Of the 1.2 million people in the U.S. who could benefit from PrEP, according to the Centers for Disease Control and Prevention, 23% are using it. But according to data published in 2020, just 0% and 5% of people who inject drugs who could benefit are using it. And most, like the guy Farrington continues to talk to, don’t even know it exists.
 

People who inject drugs are willing, clinicians may not be

Clinicians have a role to play, but right now, many clinicians act as gatekeepers, picking and choosing whom they’ll offer PrEP to. In 2014, just 1% of PrEP prescribers said they had prescribed the prevention pill to people who inject drugs. And recent data published in AIDS and Behavior showed that clinicians who expressed negative attitudes about people who injected drugs were less likely to offer to prescribe PrEP to a theoretical man who injected drugs asking for PrEP. There was a paradox in there, however: Clinicians were also more likely to think men who inject drugs were at high risk for acquiring HIV. But they also believed those men would be less likely to adhere, less safety conscious, and less responsible than gay and bisexual men. So, the investigators found that despite need, clinicians were more likely to prescribe to men at risk via sex than men at risk via injection drug use.
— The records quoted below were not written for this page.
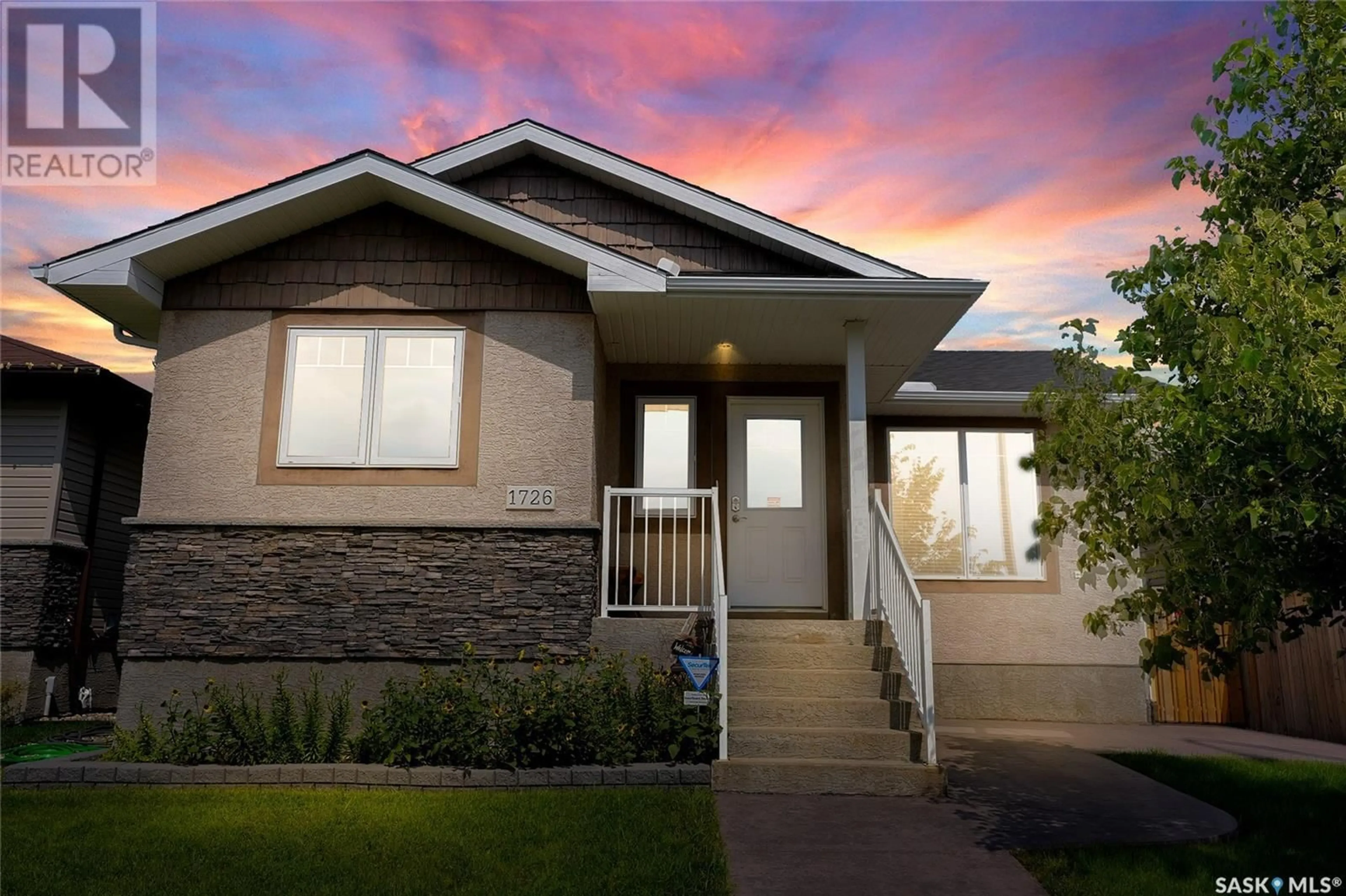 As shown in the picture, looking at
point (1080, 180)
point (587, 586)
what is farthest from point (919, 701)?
point (1080, 180)

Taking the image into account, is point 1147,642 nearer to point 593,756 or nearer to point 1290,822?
point 1290,822

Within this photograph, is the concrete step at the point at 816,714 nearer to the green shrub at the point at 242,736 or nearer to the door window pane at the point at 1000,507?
the green shrub at the point at 242,736

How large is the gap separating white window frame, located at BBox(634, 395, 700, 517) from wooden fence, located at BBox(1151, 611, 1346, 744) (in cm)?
473

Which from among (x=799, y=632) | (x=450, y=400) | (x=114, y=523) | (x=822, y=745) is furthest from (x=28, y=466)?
(x=822, y=745)

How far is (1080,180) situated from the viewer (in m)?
12.3

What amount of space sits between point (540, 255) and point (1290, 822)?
267 inches

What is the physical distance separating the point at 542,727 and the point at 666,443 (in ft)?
13.6

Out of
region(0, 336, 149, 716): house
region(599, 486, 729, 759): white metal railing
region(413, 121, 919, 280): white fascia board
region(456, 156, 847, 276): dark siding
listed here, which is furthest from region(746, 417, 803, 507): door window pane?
region(0, 336, 149, 716): house

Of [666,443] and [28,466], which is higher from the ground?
[666,443]

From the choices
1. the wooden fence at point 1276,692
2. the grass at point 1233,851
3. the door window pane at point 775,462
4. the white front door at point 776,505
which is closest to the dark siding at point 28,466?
the white front door at point 776,505

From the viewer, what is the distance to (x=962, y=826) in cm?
541

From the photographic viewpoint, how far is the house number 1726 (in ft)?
25.7

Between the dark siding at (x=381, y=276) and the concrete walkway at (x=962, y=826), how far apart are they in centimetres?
465

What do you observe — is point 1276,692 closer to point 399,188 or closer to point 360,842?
point 360,842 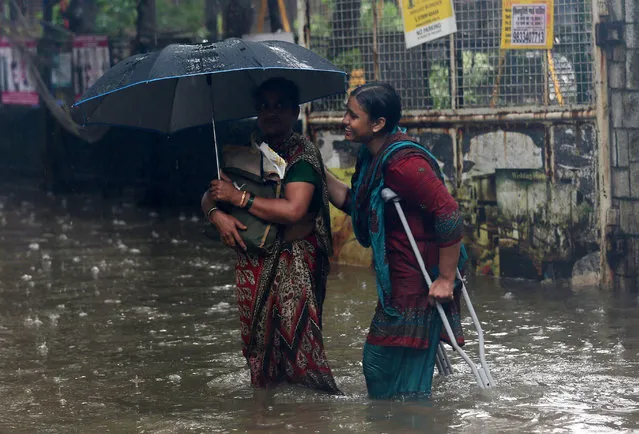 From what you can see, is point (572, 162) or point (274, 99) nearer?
point (274, 99)

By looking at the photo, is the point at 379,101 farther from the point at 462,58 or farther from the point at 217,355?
the point at 462,58

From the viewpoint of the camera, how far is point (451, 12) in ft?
31.5

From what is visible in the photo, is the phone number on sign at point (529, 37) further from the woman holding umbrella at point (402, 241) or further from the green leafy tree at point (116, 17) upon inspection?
the green leafy tree at point (116, 17)

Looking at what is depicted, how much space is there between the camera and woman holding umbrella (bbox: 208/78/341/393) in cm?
577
According to the CDC, to qualify for PrEP, the only requirements for people who inject drugs are testing negative for HIV and not sharing injection equipment – whether their injecting partners have confirmed HIV or whether their HIV status is unknown.

“As long as PrEP is a prescription, medication providers are really going to determine who accesses PrEP and who does not,” said study lead author Sarah Calabrese, PhD, assistant professor of psychiatry at George Washington University. “Even if you do anticipate that a patient might have adherence struggles. The solution is not withholding something that could be beneficial to them. The solution is supporting them to take that beneficial medication.”

And it appears that providers and regular people like Farrington have stepped into the access vacuum, with a decidedly harm-reduction approach: syringe services programs. While there’s no national data on how many people receive PrEP through needle exchange programs, those programs are the natural place to offer other health care services, said Hansel Tookes, MD, assistant professor of medicine at the University of Miami and founder of the Infectious Disease Elimination Act (IDEA) Syringe Exchange program and clinic. At the clinic, 80% of the people living with HIV have undetectable viral loads – a sign of good adherence to medication and general health. Previous research suggests that when people who inject drugs find out about PrEP, 57% are game for trying it. But early work suggests that people who inject drugs might need to access PrEP in a different way from other people who use PrEP.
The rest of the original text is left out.